The Life of a Roll of Film


kodak_ultramax_iso400_01-e1345789904101Photo from: http://digitaldreamer.com.au/kodak-offload-film-commercial-scanner-kiosk-divisions/

 

For most of us who grew up from the 1950’s up to 1995 are familiar with camera film. Film cameras insured that we were limited in our shot and that the shots we were taking were accurate, set to the correct exposure, our model was ready and so forth because once the shot was taken, there were no second chances. The shot was final, no going back and deleting the image and starting over. Roll of film was expensive and making a mistake was costly in the long run. After taking the photo we would have to develop the film in a darkroom with a host of technics and chemicals, something that the current generation will never experience nor appreciate the difficulty in the task of developing a photo, cropping, zooming etc., in a darkroom under a red light.

Below is a story that was written when I was in high school. In photography class we were taught how to take photos and develop our film in a darkroom, part of the assignment was to write out the steps in the development process of a roll of film. I surmised that most of the class would create a list or chart of various sorts regarding the process, so I decided to do something different, I wrote about the life of film, specifically the Tri-X 400 Kodak life and experience. Enjoy the story below.

THE LIFE OF TRI-X 400

Hello, for those of you who are unaware I am Tri-X 400—Kodak Film. Not long ago I was in the warm confinements of my film case, in a beautiful camera viewing and recording some of natures most beautiful scenes…until I ran out of room!
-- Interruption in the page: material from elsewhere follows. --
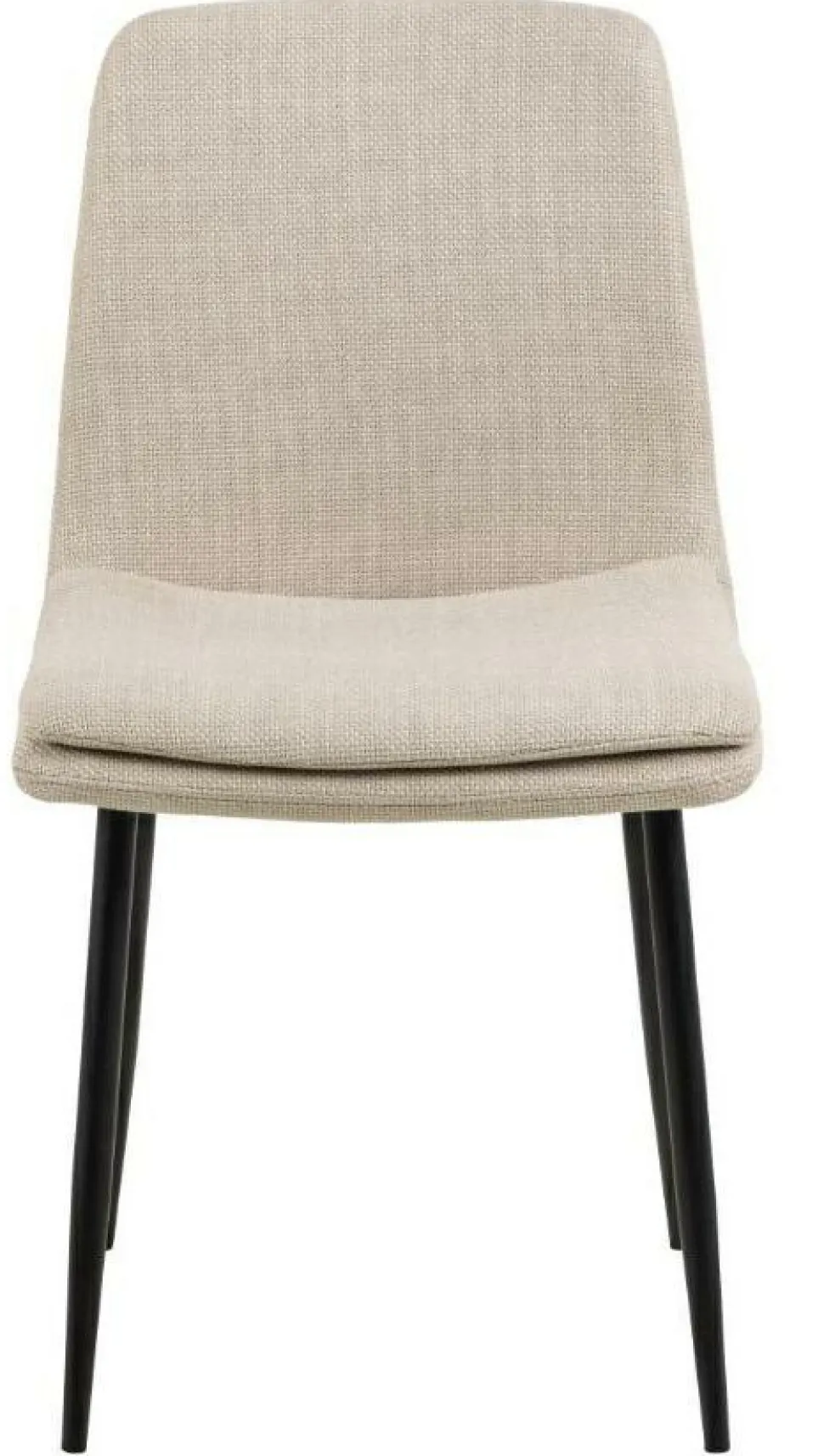Krzesło Becca beżowe tkanina Basel 24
Some hours later, a metal monster stripped off my warm cozy shell, I was than forced out and forced to wrap around a cold metal wheel, which I learned is called a reel. Once I was loaded on this reel, I was thrown into a light-tight metal can. Before I realized it I was overwhelmed by eight ounces of some sort of chemical.  The human called it D-76, this chemical was a cold 65 degrees, okay maybe not cold for you but for me, I was freezing!! As I soaked in the chemical a strange thing began to happen, the images I had recorded slowly began developing. Waiting and hoping for an end, I never imagined it would get worst…but it did! The human agitated this metal can I was in, flipping me from one side to the other for thirty seconds, than every ten seconds every minute for the next nine minutes. This was a long, slow and a excruciating process.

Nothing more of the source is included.